Muy extenso comentario sugiere el nutrido volumen del doctor Palacios. Pero este comentario me llevaría fácilmente al examen de toda la concepción reformista y demócrata del progreso social. Y esta sería materia excesiva para un artículo. Prefiero, abordarla sucesivamente en algunos artículos sobre debates y tópicos actuales de revisionismo socialista.

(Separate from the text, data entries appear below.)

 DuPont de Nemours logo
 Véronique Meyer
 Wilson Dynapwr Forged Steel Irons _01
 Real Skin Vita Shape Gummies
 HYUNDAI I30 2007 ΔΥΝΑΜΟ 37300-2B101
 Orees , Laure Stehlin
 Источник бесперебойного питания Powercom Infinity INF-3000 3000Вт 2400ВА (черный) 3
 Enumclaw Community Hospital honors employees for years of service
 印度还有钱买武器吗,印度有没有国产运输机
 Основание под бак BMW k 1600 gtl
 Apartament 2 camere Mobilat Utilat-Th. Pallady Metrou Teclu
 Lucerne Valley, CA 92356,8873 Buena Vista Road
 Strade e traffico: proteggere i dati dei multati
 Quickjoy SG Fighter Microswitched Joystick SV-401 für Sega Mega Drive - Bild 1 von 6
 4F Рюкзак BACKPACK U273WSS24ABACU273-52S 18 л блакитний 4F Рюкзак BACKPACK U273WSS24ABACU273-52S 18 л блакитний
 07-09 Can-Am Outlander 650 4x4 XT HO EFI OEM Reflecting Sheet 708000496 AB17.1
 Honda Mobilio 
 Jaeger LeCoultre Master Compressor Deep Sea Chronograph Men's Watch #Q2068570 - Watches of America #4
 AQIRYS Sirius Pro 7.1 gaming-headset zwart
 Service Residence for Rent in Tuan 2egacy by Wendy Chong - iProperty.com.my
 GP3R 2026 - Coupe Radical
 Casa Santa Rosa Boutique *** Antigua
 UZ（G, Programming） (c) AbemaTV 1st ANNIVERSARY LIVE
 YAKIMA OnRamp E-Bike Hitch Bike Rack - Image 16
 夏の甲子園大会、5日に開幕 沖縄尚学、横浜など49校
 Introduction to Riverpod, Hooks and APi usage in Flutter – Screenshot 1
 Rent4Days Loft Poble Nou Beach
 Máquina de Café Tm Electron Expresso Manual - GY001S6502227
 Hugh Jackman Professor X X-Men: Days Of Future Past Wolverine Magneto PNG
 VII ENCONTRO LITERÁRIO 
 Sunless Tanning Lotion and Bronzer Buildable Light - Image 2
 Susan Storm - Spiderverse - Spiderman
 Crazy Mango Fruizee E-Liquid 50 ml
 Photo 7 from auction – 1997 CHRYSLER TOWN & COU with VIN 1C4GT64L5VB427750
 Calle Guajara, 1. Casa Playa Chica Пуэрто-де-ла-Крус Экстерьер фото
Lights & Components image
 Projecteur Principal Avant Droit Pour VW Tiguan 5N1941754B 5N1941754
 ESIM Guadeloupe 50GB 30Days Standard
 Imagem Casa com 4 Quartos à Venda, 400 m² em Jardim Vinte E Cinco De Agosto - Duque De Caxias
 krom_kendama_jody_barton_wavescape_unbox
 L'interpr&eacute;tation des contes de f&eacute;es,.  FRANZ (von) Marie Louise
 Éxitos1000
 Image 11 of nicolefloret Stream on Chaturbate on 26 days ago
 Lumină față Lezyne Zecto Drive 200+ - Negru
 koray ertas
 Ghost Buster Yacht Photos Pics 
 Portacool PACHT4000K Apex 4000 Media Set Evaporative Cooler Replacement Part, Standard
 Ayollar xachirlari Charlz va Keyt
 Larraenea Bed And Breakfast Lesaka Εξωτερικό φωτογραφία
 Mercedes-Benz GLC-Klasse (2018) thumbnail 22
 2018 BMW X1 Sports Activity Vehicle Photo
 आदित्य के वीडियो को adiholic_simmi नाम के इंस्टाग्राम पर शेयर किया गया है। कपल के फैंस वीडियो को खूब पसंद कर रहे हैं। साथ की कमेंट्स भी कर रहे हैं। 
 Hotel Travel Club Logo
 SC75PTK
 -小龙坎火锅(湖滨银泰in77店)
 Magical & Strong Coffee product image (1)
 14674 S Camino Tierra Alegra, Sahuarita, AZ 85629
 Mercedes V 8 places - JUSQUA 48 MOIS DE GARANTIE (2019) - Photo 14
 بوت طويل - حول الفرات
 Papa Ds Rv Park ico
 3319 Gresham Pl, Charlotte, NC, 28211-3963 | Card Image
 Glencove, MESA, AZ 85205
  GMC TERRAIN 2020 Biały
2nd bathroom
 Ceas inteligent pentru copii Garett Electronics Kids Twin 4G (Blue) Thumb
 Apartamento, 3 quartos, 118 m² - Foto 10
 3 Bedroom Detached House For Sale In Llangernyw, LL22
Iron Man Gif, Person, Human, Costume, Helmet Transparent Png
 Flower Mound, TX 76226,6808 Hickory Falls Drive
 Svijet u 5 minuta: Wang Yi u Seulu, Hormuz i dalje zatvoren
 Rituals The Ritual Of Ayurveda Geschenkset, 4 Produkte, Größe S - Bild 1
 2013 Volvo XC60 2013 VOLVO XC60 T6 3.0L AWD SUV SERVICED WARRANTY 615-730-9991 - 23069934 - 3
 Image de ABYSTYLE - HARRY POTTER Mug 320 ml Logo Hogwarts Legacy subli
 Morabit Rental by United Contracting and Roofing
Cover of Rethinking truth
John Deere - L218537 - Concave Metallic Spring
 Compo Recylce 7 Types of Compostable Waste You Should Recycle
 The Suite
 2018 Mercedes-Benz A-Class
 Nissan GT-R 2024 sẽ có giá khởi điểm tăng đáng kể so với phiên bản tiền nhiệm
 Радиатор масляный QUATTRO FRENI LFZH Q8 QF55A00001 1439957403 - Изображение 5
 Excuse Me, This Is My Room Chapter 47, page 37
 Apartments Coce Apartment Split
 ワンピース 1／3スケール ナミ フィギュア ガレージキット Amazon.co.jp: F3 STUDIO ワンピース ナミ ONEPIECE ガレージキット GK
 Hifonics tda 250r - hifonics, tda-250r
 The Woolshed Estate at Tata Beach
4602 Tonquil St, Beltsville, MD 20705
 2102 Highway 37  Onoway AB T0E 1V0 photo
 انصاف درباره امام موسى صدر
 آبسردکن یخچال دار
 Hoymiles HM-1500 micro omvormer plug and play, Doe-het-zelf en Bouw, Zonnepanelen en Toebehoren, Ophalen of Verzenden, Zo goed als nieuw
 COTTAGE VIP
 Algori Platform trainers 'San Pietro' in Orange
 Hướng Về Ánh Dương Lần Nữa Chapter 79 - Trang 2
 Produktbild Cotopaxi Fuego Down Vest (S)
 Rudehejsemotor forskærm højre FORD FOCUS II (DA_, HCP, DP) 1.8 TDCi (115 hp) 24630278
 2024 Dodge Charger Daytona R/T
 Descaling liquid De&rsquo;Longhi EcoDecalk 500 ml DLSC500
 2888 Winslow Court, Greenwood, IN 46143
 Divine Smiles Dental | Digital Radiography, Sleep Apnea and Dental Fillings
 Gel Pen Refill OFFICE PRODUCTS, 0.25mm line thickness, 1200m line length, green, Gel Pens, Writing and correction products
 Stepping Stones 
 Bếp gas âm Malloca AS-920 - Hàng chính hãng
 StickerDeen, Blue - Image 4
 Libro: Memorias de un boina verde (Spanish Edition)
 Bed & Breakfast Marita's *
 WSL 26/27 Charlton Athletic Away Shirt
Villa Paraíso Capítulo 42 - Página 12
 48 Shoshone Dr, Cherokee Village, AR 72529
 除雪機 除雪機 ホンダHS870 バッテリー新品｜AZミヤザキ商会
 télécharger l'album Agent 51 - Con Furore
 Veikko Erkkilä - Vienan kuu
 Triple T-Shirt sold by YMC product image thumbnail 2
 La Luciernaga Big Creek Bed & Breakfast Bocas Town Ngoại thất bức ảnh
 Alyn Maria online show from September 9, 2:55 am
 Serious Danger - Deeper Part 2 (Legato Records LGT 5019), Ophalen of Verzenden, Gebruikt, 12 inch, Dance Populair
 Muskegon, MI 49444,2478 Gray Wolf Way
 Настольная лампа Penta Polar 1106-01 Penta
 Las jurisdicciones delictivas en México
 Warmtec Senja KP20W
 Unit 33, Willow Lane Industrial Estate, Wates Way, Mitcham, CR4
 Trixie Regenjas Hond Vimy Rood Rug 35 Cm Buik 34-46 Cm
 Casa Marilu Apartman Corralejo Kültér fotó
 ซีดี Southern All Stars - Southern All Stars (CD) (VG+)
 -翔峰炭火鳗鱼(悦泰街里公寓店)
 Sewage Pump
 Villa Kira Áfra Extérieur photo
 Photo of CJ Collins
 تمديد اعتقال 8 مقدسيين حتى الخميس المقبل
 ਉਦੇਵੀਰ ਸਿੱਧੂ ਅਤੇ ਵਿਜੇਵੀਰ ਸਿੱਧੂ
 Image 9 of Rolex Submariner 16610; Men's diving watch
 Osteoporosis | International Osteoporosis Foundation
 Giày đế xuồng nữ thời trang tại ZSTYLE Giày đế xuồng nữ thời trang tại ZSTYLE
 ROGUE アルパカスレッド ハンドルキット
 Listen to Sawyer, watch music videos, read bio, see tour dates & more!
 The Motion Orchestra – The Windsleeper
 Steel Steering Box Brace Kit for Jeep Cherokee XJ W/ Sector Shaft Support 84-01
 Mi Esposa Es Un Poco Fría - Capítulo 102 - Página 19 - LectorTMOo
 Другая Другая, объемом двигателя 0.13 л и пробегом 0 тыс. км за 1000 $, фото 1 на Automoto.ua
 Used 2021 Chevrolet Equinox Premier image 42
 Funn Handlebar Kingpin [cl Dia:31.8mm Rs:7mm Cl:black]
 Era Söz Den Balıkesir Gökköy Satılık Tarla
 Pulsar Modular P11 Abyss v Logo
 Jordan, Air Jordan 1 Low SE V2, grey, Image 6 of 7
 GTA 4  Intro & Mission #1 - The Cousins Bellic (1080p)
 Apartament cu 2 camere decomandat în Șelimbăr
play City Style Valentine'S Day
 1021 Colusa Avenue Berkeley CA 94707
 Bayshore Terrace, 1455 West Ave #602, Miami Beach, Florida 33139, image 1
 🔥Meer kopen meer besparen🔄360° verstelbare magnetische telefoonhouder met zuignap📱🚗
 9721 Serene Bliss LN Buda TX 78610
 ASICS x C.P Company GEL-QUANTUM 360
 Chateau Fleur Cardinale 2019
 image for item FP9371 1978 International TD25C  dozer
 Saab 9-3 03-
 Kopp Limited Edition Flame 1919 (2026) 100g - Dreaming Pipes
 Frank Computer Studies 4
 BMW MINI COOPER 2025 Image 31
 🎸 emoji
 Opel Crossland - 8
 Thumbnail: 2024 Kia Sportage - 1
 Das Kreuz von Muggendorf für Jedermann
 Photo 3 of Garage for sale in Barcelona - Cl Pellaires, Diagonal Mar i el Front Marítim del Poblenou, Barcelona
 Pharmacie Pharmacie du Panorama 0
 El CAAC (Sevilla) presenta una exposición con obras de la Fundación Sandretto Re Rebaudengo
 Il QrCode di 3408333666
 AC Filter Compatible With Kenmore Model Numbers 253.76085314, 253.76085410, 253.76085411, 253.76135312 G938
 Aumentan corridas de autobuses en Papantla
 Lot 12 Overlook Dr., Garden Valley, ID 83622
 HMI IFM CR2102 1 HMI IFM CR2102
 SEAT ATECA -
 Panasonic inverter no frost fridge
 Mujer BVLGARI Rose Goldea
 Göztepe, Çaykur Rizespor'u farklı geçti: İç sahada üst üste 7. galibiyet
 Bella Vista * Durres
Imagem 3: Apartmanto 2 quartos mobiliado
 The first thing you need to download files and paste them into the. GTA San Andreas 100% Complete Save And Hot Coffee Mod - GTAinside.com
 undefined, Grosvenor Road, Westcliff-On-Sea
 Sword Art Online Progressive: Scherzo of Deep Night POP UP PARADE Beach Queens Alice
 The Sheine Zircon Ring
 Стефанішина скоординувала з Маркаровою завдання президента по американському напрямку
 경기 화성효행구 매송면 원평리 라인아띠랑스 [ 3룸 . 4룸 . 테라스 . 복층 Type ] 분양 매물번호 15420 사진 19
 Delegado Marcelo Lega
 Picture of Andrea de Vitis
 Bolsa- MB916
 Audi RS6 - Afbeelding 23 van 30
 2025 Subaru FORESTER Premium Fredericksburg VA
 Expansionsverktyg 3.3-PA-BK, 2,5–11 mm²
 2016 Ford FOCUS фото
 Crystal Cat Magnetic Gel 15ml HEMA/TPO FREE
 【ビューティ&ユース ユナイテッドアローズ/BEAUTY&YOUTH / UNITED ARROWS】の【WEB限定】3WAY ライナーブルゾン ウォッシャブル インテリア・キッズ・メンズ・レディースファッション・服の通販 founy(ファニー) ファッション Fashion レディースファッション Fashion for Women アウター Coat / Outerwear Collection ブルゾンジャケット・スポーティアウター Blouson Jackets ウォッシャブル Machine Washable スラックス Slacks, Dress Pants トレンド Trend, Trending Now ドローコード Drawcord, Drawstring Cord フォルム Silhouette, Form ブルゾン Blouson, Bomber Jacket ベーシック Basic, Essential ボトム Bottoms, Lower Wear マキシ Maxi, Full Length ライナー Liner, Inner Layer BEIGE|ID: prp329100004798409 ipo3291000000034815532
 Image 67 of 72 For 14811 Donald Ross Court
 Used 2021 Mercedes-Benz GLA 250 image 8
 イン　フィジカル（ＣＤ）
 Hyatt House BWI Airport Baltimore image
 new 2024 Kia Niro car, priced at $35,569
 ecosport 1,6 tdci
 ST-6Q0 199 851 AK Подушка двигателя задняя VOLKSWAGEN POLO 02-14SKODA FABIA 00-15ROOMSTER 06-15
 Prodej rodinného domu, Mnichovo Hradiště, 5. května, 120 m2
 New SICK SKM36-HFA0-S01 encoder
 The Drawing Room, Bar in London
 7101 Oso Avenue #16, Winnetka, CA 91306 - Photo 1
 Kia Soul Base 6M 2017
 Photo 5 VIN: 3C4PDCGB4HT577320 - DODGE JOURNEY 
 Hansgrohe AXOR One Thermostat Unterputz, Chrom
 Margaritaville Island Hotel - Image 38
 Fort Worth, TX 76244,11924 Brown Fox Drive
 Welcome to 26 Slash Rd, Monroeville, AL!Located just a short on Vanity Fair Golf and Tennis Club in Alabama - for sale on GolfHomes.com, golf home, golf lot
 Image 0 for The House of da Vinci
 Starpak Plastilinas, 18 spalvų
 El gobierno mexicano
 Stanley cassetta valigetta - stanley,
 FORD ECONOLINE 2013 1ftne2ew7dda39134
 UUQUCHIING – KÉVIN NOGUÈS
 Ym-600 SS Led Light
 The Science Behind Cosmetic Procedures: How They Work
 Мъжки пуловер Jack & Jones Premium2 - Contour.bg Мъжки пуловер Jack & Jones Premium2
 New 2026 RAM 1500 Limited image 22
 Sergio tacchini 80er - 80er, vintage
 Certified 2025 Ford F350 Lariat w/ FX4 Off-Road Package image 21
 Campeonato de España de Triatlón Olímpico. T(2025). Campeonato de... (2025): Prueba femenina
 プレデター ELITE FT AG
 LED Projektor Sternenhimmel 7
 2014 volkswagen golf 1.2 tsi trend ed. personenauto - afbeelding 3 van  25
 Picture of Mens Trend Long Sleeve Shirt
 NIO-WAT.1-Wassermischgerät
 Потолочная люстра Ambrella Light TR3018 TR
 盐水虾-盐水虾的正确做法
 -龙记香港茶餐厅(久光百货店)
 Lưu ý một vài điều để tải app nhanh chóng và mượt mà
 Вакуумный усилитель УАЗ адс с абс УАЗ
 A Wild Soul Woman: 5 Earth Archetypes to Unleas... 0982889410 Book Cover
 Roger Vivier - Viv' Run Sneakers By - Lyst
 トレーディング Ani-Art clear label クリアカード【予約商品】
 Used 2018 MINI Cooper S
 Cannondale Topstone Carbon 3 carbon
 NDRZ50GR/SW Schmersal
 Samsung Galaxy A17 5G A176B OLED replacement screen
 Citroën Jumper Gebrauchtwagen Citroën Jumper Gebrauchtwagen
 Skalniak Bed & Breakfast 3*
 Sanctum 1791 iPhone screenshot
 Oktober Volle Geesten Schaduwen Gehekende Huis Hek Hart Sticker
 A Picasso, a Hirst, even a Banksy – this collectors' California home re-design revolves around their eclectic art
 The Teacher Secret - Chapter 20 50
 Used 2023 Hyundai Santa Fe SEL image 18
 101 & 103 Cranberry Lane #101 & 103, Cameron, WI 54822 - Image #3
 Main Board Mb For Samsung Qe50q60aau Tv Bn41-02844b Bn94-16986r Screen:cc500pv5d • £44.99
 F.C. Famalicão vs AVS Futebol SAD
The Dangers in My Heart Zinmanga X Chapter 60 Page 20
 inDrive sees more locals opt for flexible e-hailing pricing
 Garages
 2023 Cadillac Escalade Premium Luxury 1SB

Pero no concluiré sin dejar constancia de que Palacios se distingue de la mayoría de los reformistas por la sagacidad de su espíritu crítico y el equilibrio de su juicio sobre el fenómeno revolucionario. Su reformismo no le impide explicarse la revolución. La Rusia de los Soviets, —a pesar de su dificultad para apreciar integralmente la obra de Lenín,— tiene en el pensamiento de Palacios la magnitud que le niegan generalmente regañones teóricos y solemnes profesores de la social-democracia. Y en su libro, se revela honradamente contra la mentira de que el derecho “nazca con tanta sencillez como una regla gramatical".